> PROBLEM DESCRIPTION: Write the records out again exactly, leaving no images in.

Brief descriptive captions
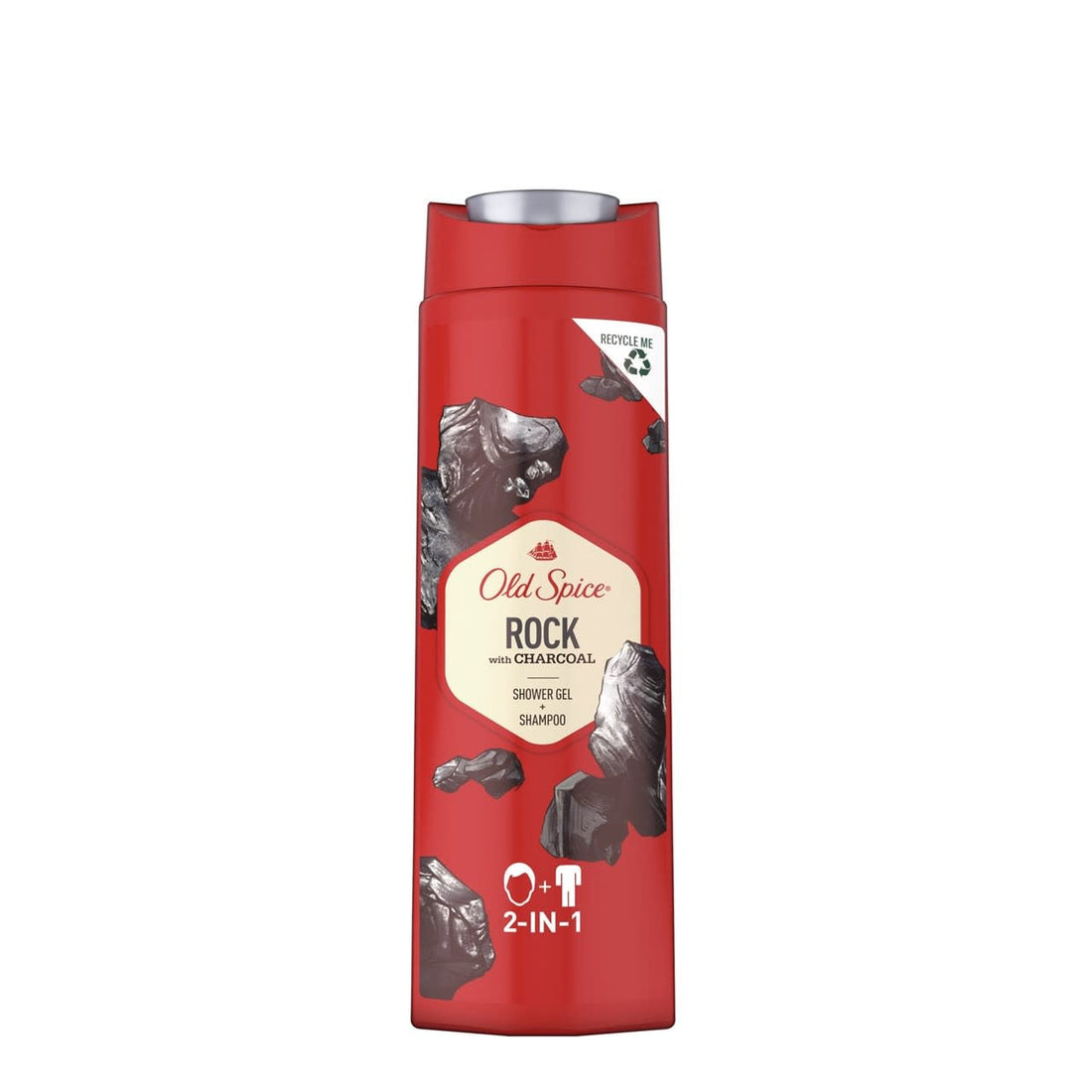 Old Spice - Douchegel - Rock - 400ml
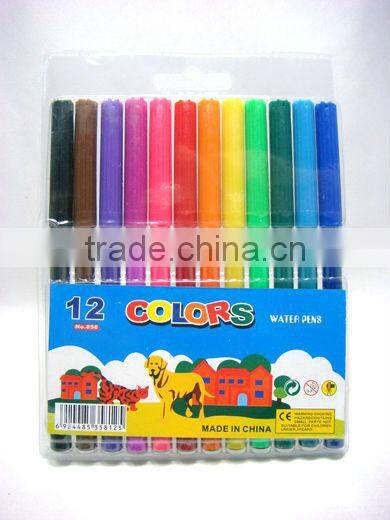 water color pen for kids/felt tip pen/water color pen/colors plastic water color pen set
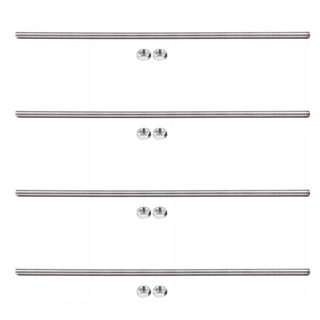 Závesy, pánty -  Horúce jo-4ks 320 mm x m8 vlákno z nehrdzavejúcej ocele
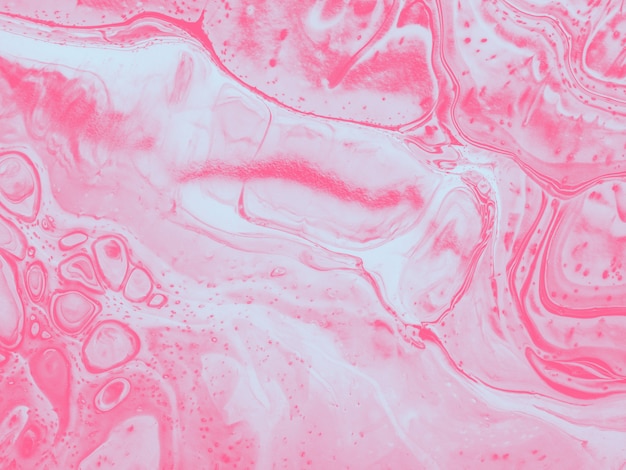 Premium Photo | Pink abstract background made with fluid art technique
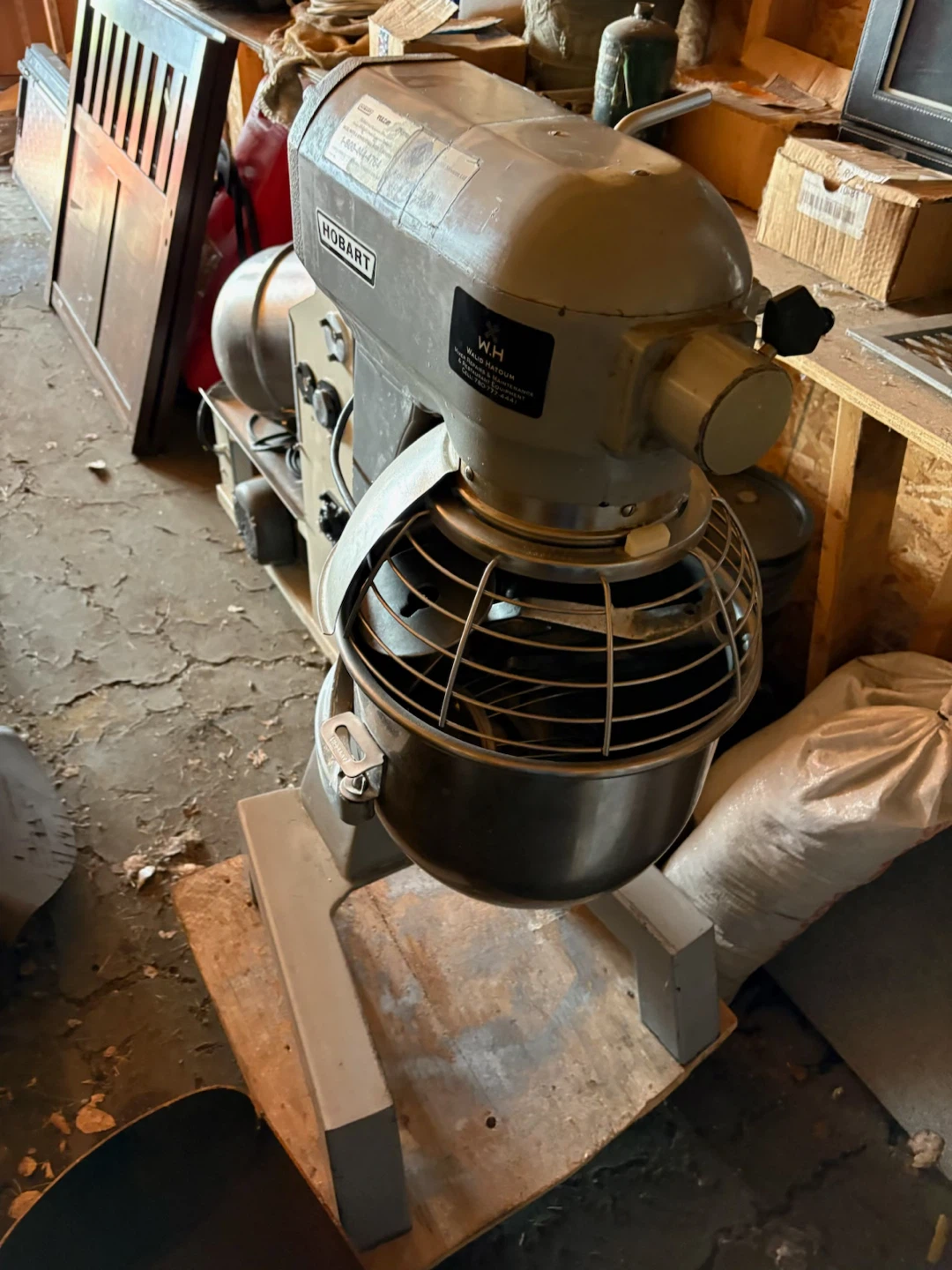Hobart Commercial Mixer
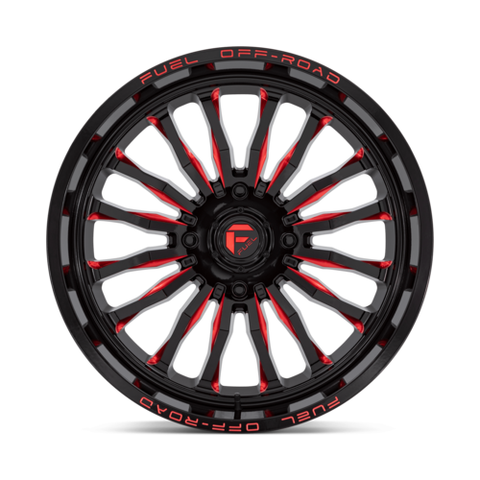 Fuel D822 Arc Wheels 22 24 Inch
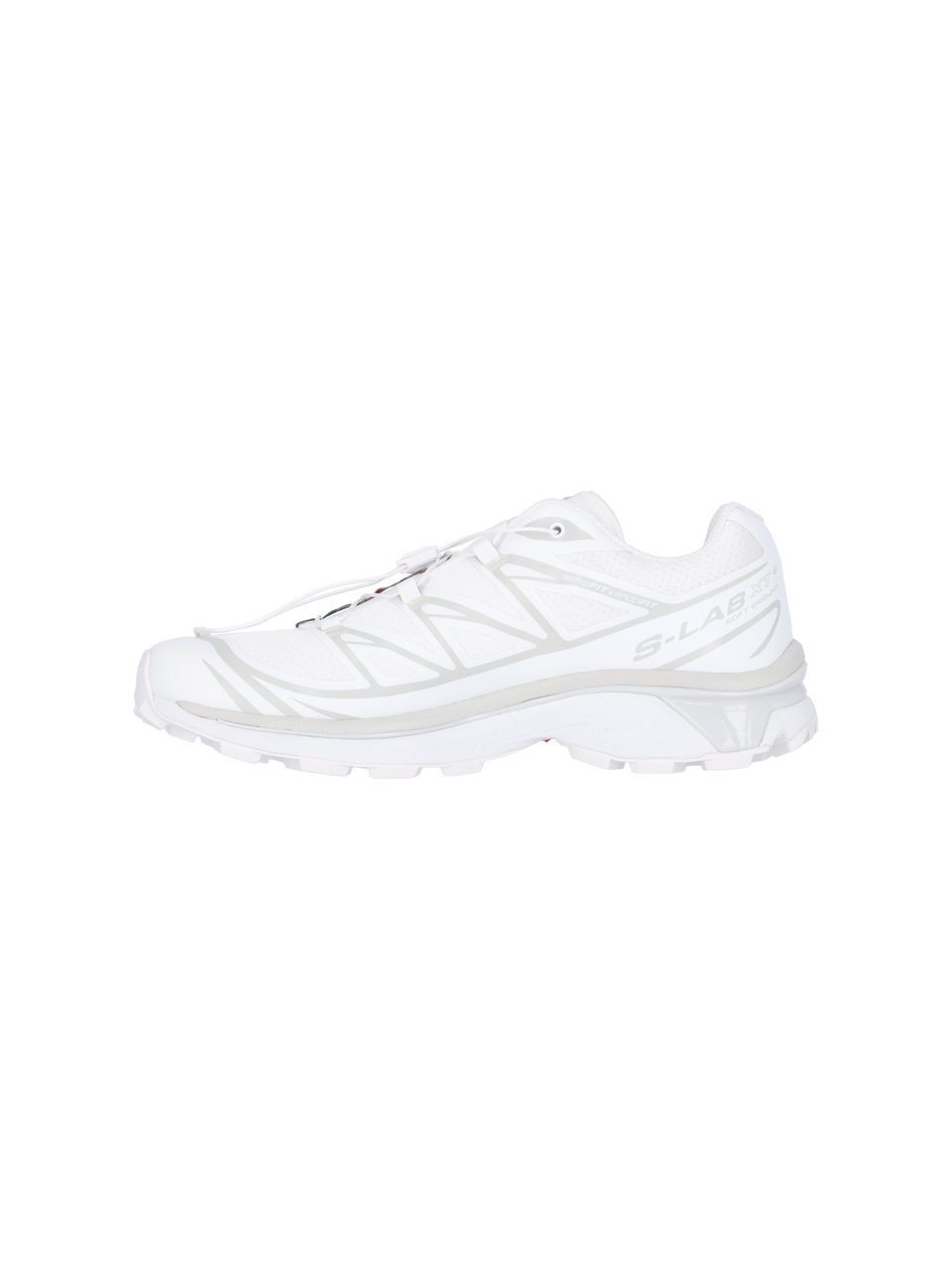 Salomon Xt-6 Polyamide Lightweight Low Sneakers Wit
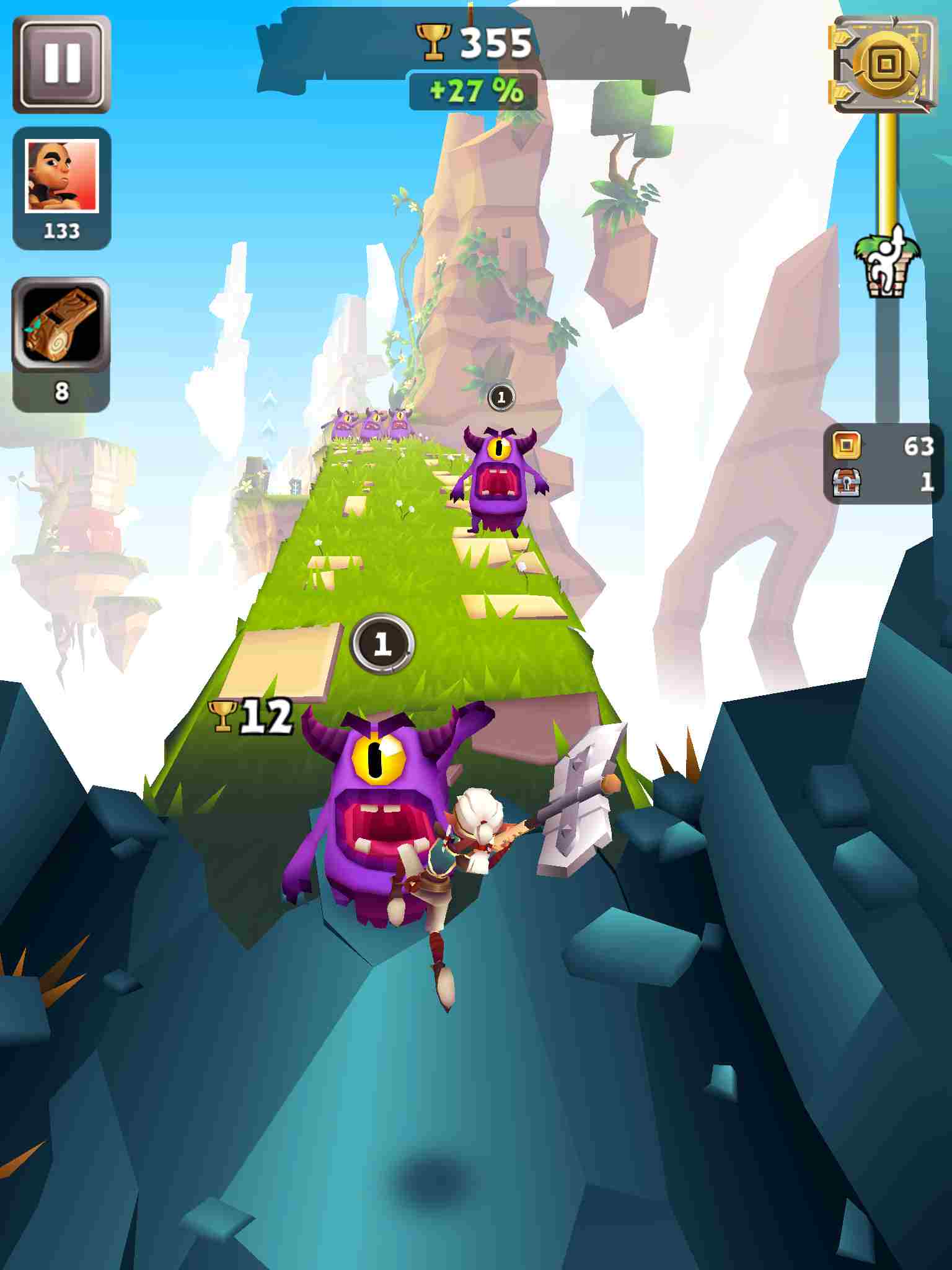 Blades of Brim Screenshot 3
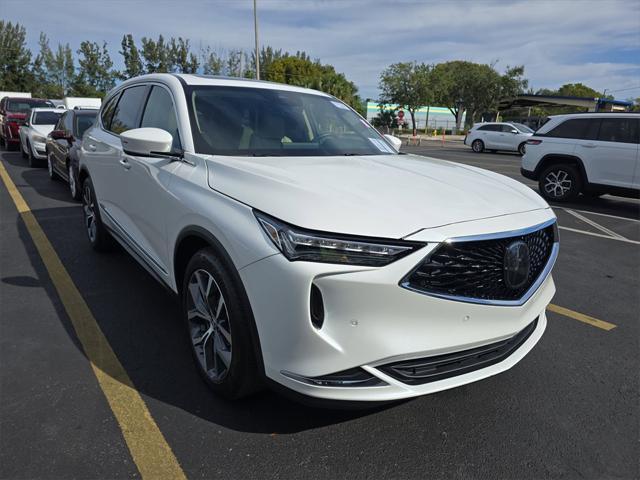 used 2022 Acura MDX car, priced at $43,497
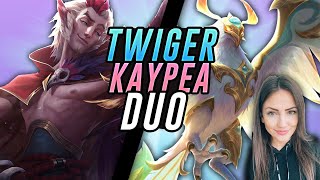 KayPeas Anivia Carries my Rakan!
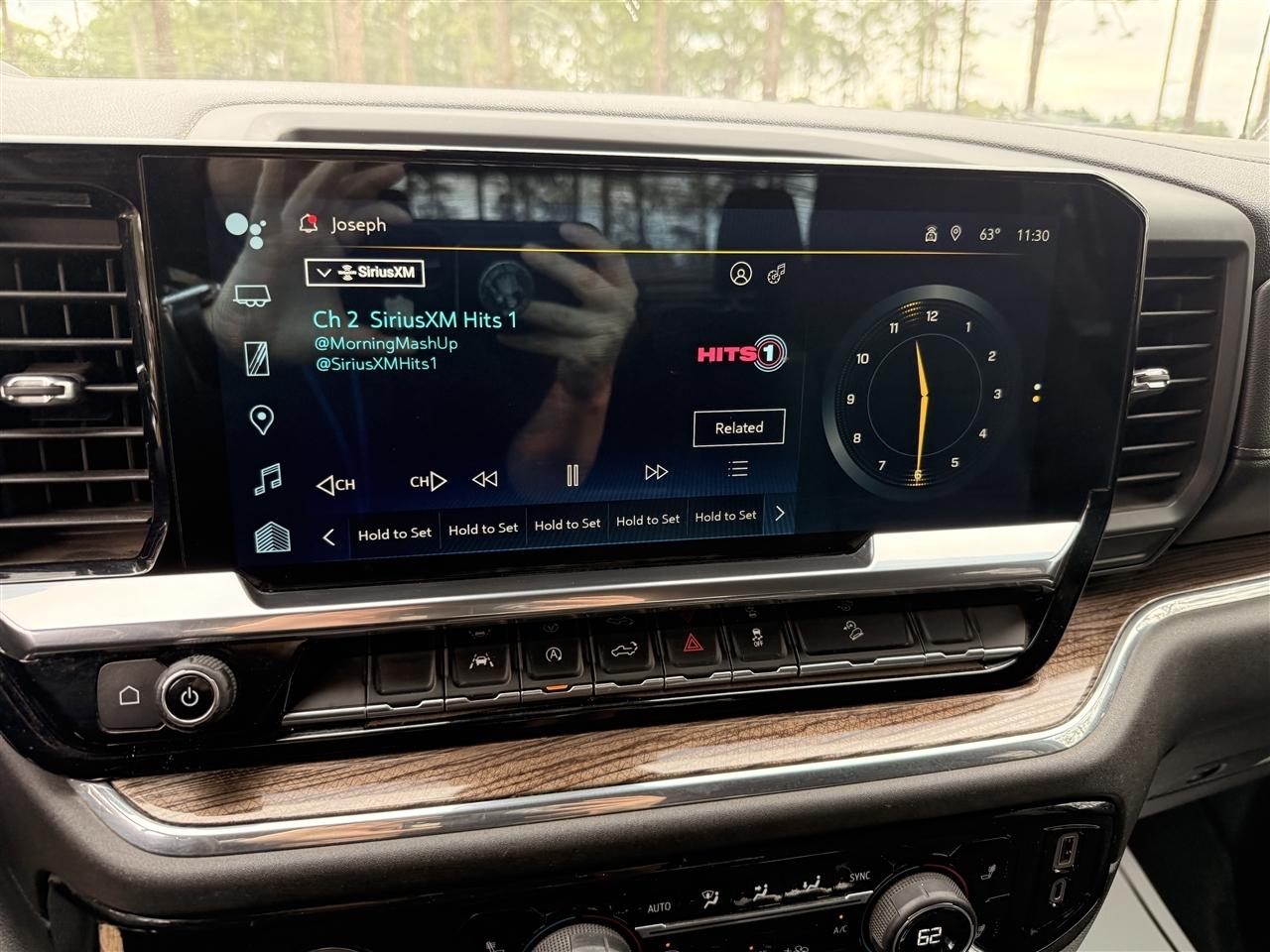 Chevrolet Silverado 1500 4WD Crew Cab 147" LT Trail Boss 2023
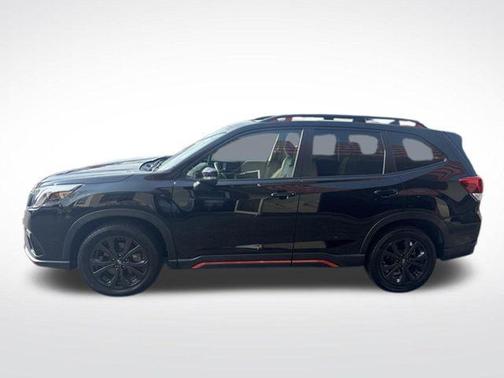 Crystal Black Silica 2022 Subaru Forester Sport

> ANSWER FOR THE TASK:
 Old Spice - Douchegel - Rock - 400ml
 water color pen for kids/felt tip pen/water color pen/colors plastic water color pen set
 Závesy, pánty -  Horúce jo-4ks 320 mm x m8 vlákno z nehrdzavejúcej ocele
 Premium Photo | Pink abstract background made with fluid art technique
Hobart Commercial Mixer
 Fuel D822 Arc Wheels 22 24 Inch
 Salomon Xt-6 Polyamide Lightweight Low Sneakers Wit
 Blades of Brim Screenshot 3
 used 2022 Acura MDX car, priced at $43,497
 KayPeas Anivia Carries my Rakan!
 Chevrolet Silverado 1500 4WD Crew Cab 147" LT Trail Boss 2023
 Crystal Black Silica 2022 Subaru Forester Sport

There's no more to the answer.